At GoGuardian, we're helping share the future of digital learning by providing educators, students, and schools with tools to create engaging and equitable learning environments. Together, we build innovative solutions to empower students, deliver insights, and encourage experimentation. With employees around the globe, we're committed to building a culture of inclusivity, curiosity, and courage. GoGuardian's growth is fast and ever-evolving, and our teams are growing along with it - always ready to experiment and learn.
We're here for the cause, but also for the culture. We celebrate our successes and wins together, and make time to appreciate our teammates every day. Take a peek into your future at GoGuardian: our Slack channels include #gardenclub, #boardgametime, #bookrecs, and #petphotos. There's always something fun going on, including concerts, classes, book clubs, and more! From virtual trivia to local meet-ups, Guardians are always finding ways to connect.
Tech Foundation team's mission is to enable GoGuardian engineers to deliver products at speed with high quality, where quality includes but is not limited to functionality, reliability, availability, security, privacy, etc. SRE is one of the most critical pillars to ensure that best practices are employed throughout the engineering development process.
The Senior Site Reliability Engineer is a critical role at GoGuardian as we expand our services to multiple platforms (Windows, macOS, iOS, Android, etc) across the globe, impacting millions of students and educators every day. The reliability, availability, and performance of our products are critical to our success. You'll join a team of motivated and empowered engineers, and will work closely to drive the adoption of modern reliability practices like SLOs, error budget policies, actionable alerts, incident retrospectives, chaos testing, and end-to-end ownership.
What You'll Do
- Engineering solutions to reduce toil
- Monitoring and metrics: For example, detecting response latency, error or unanswered query rate, and peak utilization of resources
- Emergency response: Running on-call rotations, traffic-dip detection, primary/secondary/escalation, writing playbooks, running Wheels of Misfortune
- Capacity planning: Doing quarterly projections, handling a sudden sustained load spike, running utilization-improvement projects
- Service turn-up and turn-down: For services that run in many locations (e.g., to reduce end-user latency and increase fault tolerance through redundancy), planning location turn-up/down schedules and automating the process to reduce risks and operational load, cloud infrastructure management
- Change management: release/deployment tooling, canarying, 1% experiments, rolling upgrades, quick-fail rollbacks, and measuring error budgets
- Performance: Stress and load testing, resource-usage efficiency monitoring, and optimization.
- Data Integrity/Reliability: Ensuring that non-reconstructible data is stored resiliently and highly available for reads, including the ability to rapidly restore it from backups
Who You Are
- 5+ years and/or 3+ previous industry position(s) w/ dedicated experience as an operations engineer, DevOps engineer or SRE supporting SaaS applications in large-scale cloud environments
- Direct involvement in shipping multiple production SaaS applications/products in varied disciplines or verticals
- Proficiency with the following technologies and practices: AWS and/or GCP, ECS and/or Kubernetes (CKA or similar certification preferred), Docker, Terraform
- On the job exposure or experience with the following technologies preferred: Golang, Python, Datadog, Prometheus, MongoDB, Redis, Firebase Realtime Database, BigQuery
- History of or experiences with strong Network Management (firewalls, proxies, IP management, routing, DNS)

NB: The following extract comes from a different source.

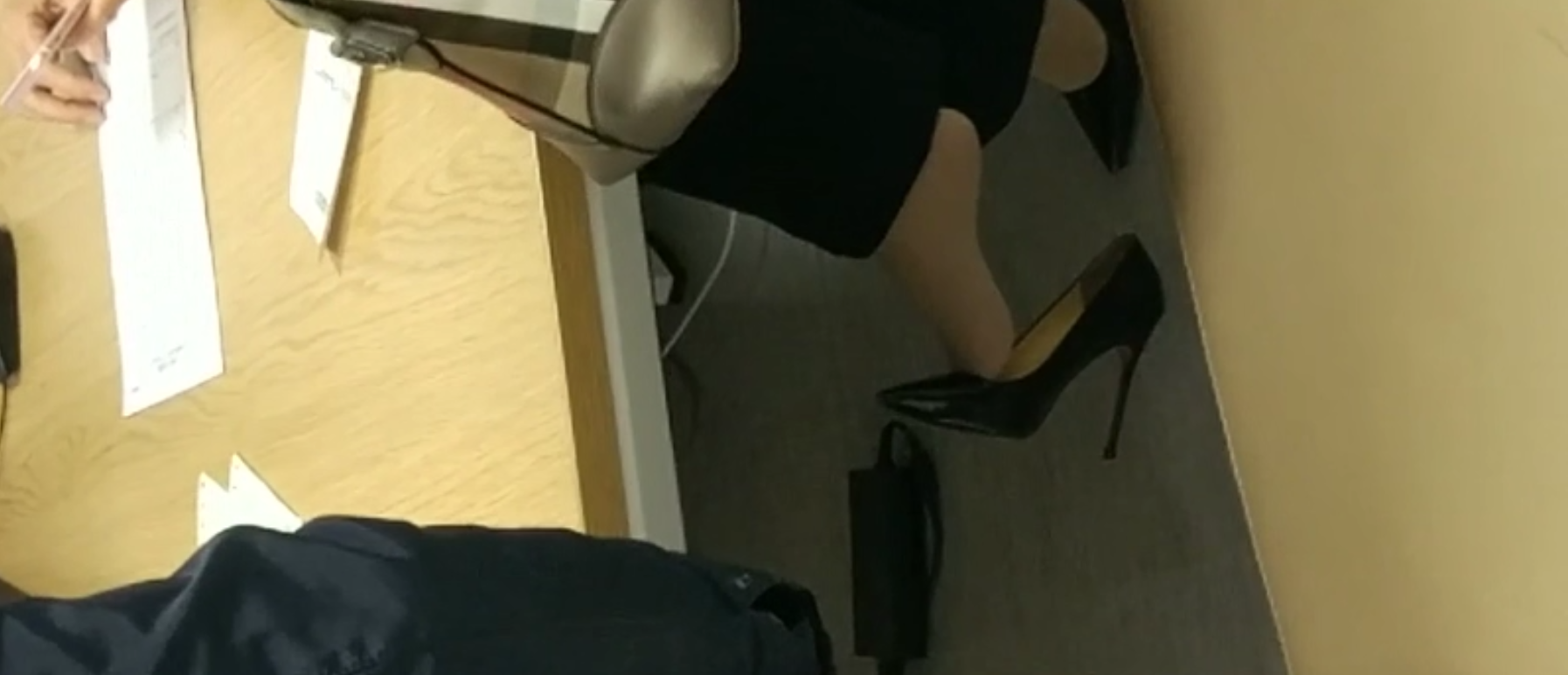 The doctor dangling shoeplay under the table when treating the patient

- Experience with authentication protocols such as SAML, OAuth, or OpenID Connect is a plus
- Has software development experience and/or understanding of programming languages, data structures, and algorithms, writes production-grade code for well-scoped features; integrates feedback from code reviewers
- Learns quickly, applies existing knowledge to new challenges, and is building mastery in relevant technical skills
- Confident in making technical decisions and explaining the reasoning behind them
- Comfortable developing solid technical solutions to ambiguous or open-ended problems
- Driven to teach, lead and help others in areas of strongest skill and experience
What We Offer
- A varied and challenging role in a multinational and highly innovative company
- A robust benefits package including health insurance, 401(k) retirement savings plan with company match, employee stock option plan, paid parental leave, 13 paid company holidays, and much more
- Development and further training opportunities for shaping and realizing your career goals
- Exceptional colleagues with a passion for EdTech
P.S. - Share this with your friends or co-workers who may be interested in working at GoGuardian! We have multiple openings and are always looking for amazing people.
GoGuardian is an equal opportunity employer and makes employment decisions on the basis of merit and business needs. GoGuardian does not discriminate against employees, applicants, interns or volunteers on the basis of race, religion, color, national origin, ancestry, physical disability, mental disability, medical condition, pregnancy, marital status, sex, age, sexual orientation, military and veteran status, registered domestic partner status, genetic information, gender, gender identity, gender expression, or any other characteristic protected by applicable law.